Tanzania’s Masai Fight Eviction From Unesco World Heritage Site
Anthony Langat
Faced with a looming threat of eviction from Ngorongoro district in northern Tanzania, Masai people, clad in their traditional shukas of various shades of red and blue, congregated for prayers in the plains of the Ngorongoro Conservation Area last month.
This was the second time they were meeting since they got news of the government’s intentions to evict them from the Ngorongoro Conservation Area to make way for a tourism project. In January, they held demonstrations in Loliondo, one of the three divisions in the district.
Both Ngorongoro Conservation Area and Loliondo are within Ngorongoro district in Tanzania’s Serengeti ecosystem, which also includes the Serengeti National Park. The Masai Indigenous people have known the area as their ancestral land, coexisting with wildlife for generations.

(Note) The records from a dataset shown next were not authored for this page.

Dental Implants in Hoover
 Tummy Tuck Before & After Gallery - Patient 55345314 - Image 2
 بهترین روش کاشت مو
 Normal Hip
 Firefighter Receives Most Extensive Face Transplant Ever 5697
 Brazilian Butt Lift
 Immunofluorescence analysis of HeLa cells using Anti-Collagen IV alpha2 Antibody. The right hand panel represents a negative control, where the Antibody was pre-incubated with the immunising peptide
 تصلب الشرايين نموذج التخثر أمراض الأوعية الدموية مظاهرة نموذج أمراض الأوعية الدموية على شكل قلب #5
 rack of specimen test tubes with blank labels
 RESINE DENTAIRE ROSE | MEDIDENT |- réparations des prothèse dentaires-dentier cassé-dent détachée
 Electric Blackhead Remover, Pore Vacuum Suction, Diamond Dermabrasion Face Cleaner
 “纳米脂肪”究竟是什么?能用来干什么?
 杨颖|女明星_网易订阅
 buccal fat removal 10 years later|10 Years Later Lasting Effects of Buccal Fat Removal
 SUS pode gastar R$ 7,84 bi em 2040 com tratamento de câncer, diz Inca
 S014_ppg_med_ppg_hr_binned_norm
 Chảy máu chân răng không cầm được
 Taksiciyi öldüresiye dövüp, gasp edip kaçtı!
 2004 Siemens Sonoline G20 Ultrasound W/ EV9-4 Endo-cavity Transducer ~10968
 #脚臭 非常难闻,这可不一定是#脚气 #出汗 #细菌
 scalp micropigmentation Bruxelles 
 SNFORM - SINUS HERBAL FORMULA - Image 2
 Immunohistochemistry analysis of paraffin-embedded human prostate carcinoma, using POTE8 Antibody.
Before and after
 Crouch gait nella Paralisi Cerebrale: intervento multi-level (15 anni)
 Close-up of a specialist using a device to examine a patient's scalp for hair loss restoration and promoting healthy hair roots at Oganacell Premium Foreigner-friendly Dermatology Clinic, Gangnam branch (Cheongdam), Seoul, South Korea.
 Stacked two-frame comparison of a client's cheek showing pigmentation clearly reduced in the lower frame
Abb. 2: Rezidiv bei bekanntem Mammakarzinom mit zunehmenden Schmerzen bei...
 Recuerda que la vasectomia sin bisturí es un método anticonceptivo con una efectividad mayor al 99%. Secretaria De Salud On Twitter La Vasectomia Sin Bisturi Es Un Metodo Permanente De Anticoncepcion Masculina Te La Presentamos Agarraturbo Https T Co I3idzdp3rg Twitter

According to the Oakland Institute, an independent policy think tank, this year the government threatened to evict over 70,000 Masai from Loliondo and the Ngorongoro Conservation Area to make way for a wildlife corridor. The land central to the current dispute is a 1,500 square kilometer (580 square mile) portion that would be used for trophy hunting and tourism by the United Arab Emirates-based Otterlo Business Corporation — a game hunting company that has been licensed in Loliondo since 1992.
Anuradha Mittal, the founder and executive director of the Oakland Institute, said high-income countries such as the UAE and western organizations such as UNESCO are to blame for the current dispute.
“It is about rich countries still thinking of Africa as their hunting grounds and Africans and Indigenous people as dispensable,” she said. “It is shameful that UNESCO is part of it. … It should delist Ngorongoro Conservation Area as a World Heritage Site.”